人形劇でSFを
前回、萩尾望都作「11人いる!」原作のNHKドラマを見て……という話を書いたが、えーと、これを読んでいる読者のなかで、このマンガを読んだことない、という人はいないよね?
読んでいないという人、手を挙げて下さーい!
あれ?
結構いそうだな。
んじゃ、まずはこの作品のあらすじなど。
おっと、念のため、このタイトルでネット検索してみると……。
なぬっ!
ぬあーんと、すでにアニメ化されているじゃあ、ないですか!
し、知らなかった……。
で、でも、ぼくが考えた「人形劇でSFを」という主旨は変わらないので、このまま書いていこう。
まずはあらすじから。
はるか未来、宇宙大学入学試験のため、十人の受験生が集められる。試験の内容は、宇宙船内に五十三日間、過ごすこと。この間、協調性や、問題解決能力をはかられる。
しかし実際に集められた生徒は、十一人いた!
余計な人物はだれか?
また何が目的か?
受験生の疑心暗鬼のなか、次々と問題が発生して……。
というストーリー。
もっと詳しく知りたい人は、実際に原作を読むか、wikiなどで検索してみてください。
とにかく、実写のドラマを見て、ぼくは顔から火を噴くような感覚に襲われた。
は……はずかす~~い!
登場人物はすべて日本人、それが未来の人間を演じるため、頭にはカラーの鬘をかぶり、こってりとしたメイクを施している。想像してくださいよ。どう見ても日本人の役者が「フロル!」「タダ!」とカタカナ名前の役名を呼び合うんですぞ!
まあ、アニメならそんな問題はないけどね。
でも、問題はそんなことじゃない!
だいたい、日本で、SF原作の映像作品がどのくらい公開されているか、考えたことないですか?
これを読んでいるあなた、いくらでもあるじゃないか! と反論したいでしょう?
うんうん、わかる。
テレビでは毎週、巨大ロボットや、仮面をかぶった怪人のSF作品が放映されている。アニメで、特撮で、数えきれないくらい。
違~~う!
ぼくが主張したいのは、ガッチガチのSF原作による、映像作品だ!
ほんとに数えるほどだ。
せいぜい「さよならジュピター」「大江戸神仙伝」「戦国自衛隊」「首都消失」くらいか……。

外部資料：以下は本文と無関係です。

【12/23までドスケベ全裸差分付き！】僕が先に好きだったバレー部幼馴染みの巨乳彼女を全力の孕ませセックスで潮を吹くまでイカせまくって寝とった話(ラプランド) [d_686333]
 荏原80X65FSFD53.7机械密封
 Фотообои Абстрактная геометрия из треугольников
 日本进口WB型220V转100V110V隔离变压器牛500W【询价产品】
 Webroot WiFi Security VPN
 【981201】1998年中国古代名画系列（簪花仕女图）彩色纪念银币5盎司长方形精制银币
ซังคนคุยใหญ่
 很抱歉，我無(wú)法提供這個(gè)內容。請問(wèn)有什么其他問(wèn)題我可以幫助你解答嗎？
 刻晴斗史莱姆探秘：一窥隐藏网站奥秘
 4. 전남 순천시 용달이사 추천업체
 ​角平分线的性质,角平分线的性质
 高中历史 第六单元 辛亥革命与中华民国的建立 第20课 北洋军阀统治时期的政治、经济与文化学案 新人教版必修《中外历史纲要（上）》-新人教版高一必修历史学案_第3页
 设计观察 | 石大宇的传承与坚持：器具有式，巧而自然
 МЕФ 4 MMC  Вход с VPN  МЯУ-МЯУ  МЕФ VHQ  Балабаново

もっとあるかも知れないけど、いまのところすぐ思い出せるのは、このくらいだ。
ましてや海外SF作品の映像化など、日本では夢のまた夢。あっ、テレビ作品で「スター・ウルフ」「キャプテン・フューチャー」「レンズマン」があった!
以前、ぼくは日本で海外のSFを映像化するためには、アニメ以外にない、と思っていた。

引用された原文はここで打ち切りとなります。